Planning has been submitted for the Opera site in Limerick
PLANS to redevelop Limerick's Opera Centre site on Patrick Street have taken a huge step forward this Wednesday, with the council announcing its intention to apply for planning.
A stunning three-dimensional model showing the blueprint, which will transform Limerick's skyline, bringing three tall office buildings, the highest towering up to 14 storeys.
A comprehensive planning notice, published in this Wednesday’s Limerick Leader, outlines the proposals for the “regeneration” of the 500,000 square metre site.
Thousands of jobs are expected to be created as part of the €150m scheme, which forms the centre piece of the Limerick 2030 masterplan. The planning notice is lodged by Limerick 2030 Strategic Development DAC, a wholly owned subsidiary of Limerick City and County Council. It's hoped construction work will start by 2018.
Chief executive of Limerick 2030 David Conway says the development will represent "a symbol of Limerick's recovery", while chairman Denis Brosnan added it "will accelerate the unrelenting transformation of Limerick into an attractive and competitive international city.”
The site will be home to a “mixed use development, comprising office, retail, culture and a licensed premises”.
At the heart of the huge project will be the construction of three commercial buildings.

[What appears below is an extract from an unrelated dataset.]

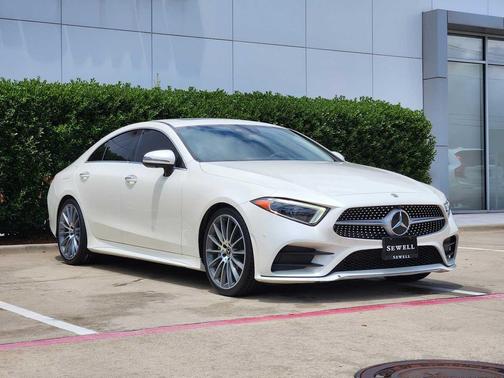 2019 Mercedes-Benz CLS 450 Base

One, comprising between 11 and 14 storeys, will front onto Bank Place. This will see 9,048 square metres of office floor space.

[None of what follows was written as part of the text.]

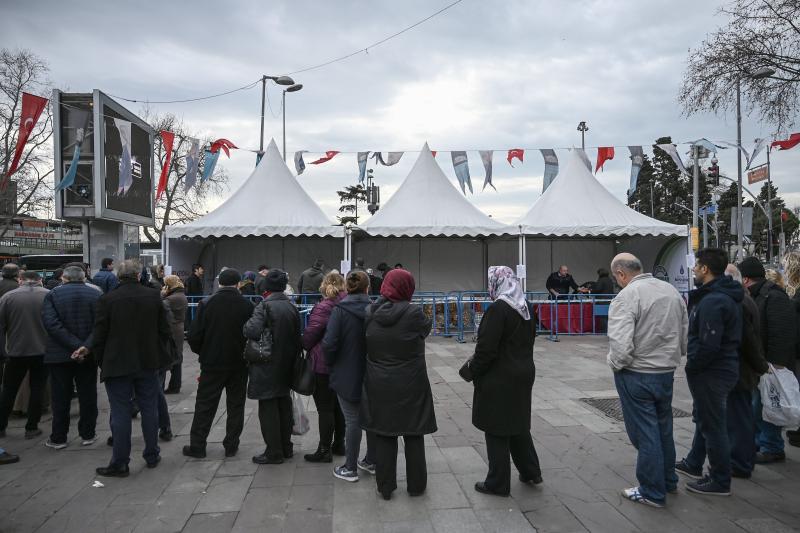 istanbul tanzim satış kuyruğu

A second commercial building comprising five to seven storeys will front onto Rutland Street, according to the plans, to provide 7,571 square metres of office flloor space. This will be linked with a public plaza.

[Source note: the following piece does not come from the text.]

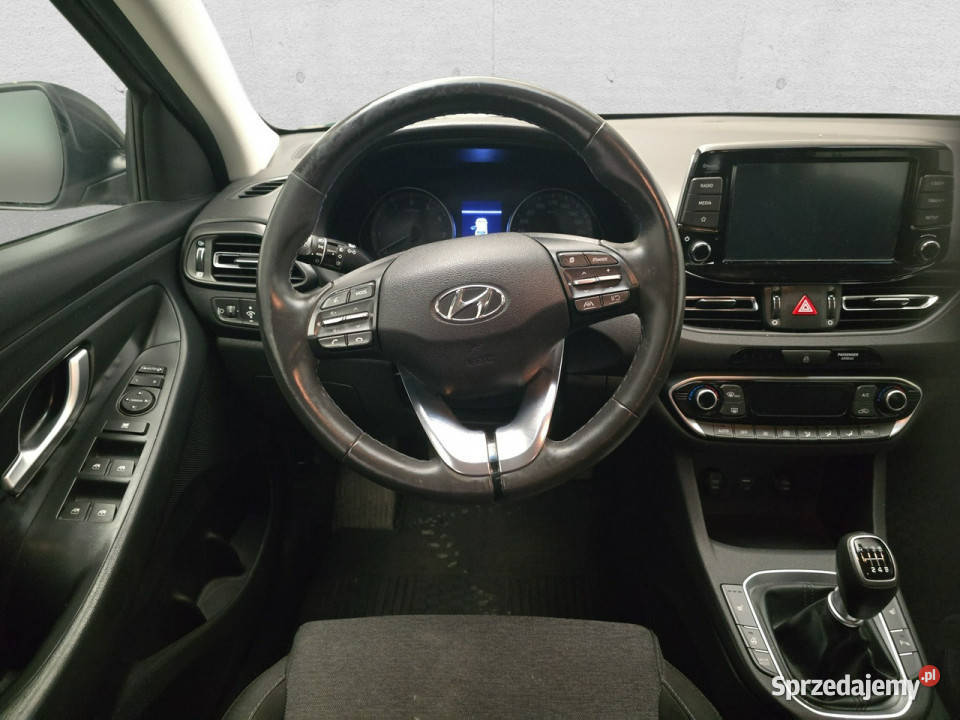 Hyundai i30 Poleasingowe III 2017 dolnośląskie Komorniki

And a third building will be built up to eight storeys, again providing a public plaza and fronting Michael Street.
Four and Five Rutland Street will be refurbished to provide around 378 square metres of retail floor space at ground floor level, and 435 square metres of ofice floor space on upper levels.
Units 1-5 Patrick Street and 4-6 Ellen Street will be refurbished and integrated into new units through a glazed link at first floor level. This will bring 862 square metres of retail space, and a further 4,877 square metres of office floor space.
The Old Town Hall, a protected structure, will be refurbished to provide a cultural centre.
The plans provide for the demolition a number of buildings in Rutland Street, Patrick Street, Ellen Street, plus the former Cathal May Roberts factory and existing workspace sites at Bogues Yard and the Watch House Lane.
While the Ellen Street car park will go, there will be 150 car parking spaces at basement level.
Mr Conway said: “The Opera Site, given the failure to deliver on the exciting plans announced for it early in the last decade, became one of the biggest symbols in Limerick of the crash. The redevelopment of it, which is now finally going to planning, will be a symbol for Limerick recovery.
"It will be a pivotal moment for the city and will not just be a huge economic boost to Limerick but will deliver a massive injection of confidence in the city centre."
Mr Brosnan added: “When we launched Limerick Twenty Thirty last September, we said we would not delay in bringing about the transformation of the city through developing key, disused city sites, and this is evidence of that. Just two months ago we commenced work on the International Gardens project and now we have moved onto the planning process for the much awaited Opera Site. "
“The patience of Limerick and its people has been tested in relation to this particular project but they are about to be rewarded. The Opera Site will accelerate the unrelenting transformation of Limerick into an attractive and competitive international city.”
Since it is a public project, it will be the job of local councillors to rubber-stamp it. This will likely happen in the autumn after the public have had a chance to make submissions.
A public consultation process with regard to the plans will commence on 30th July and run until August 25th, with the planning notice on display until August 11th. It is hoped to commence work in 2018, with a five to six year programme to complete the project.
Councillors will be briefed this Friday.
Once slated to be a shopping centre, the Opera Centre site has lain largely idle since the 2008 crash, but the local authority bought the land in 2011.
Council chief executive Conn Murray said at the time the development would support up to 3,000 jobs in the heart of Limerick.
This is the second major infrastructural project that Limerick Twenty Thirty has brought to the market, with The Gardens International project underway since April this year, providing 80,000 sq. ft of LEED Gold office accommodation.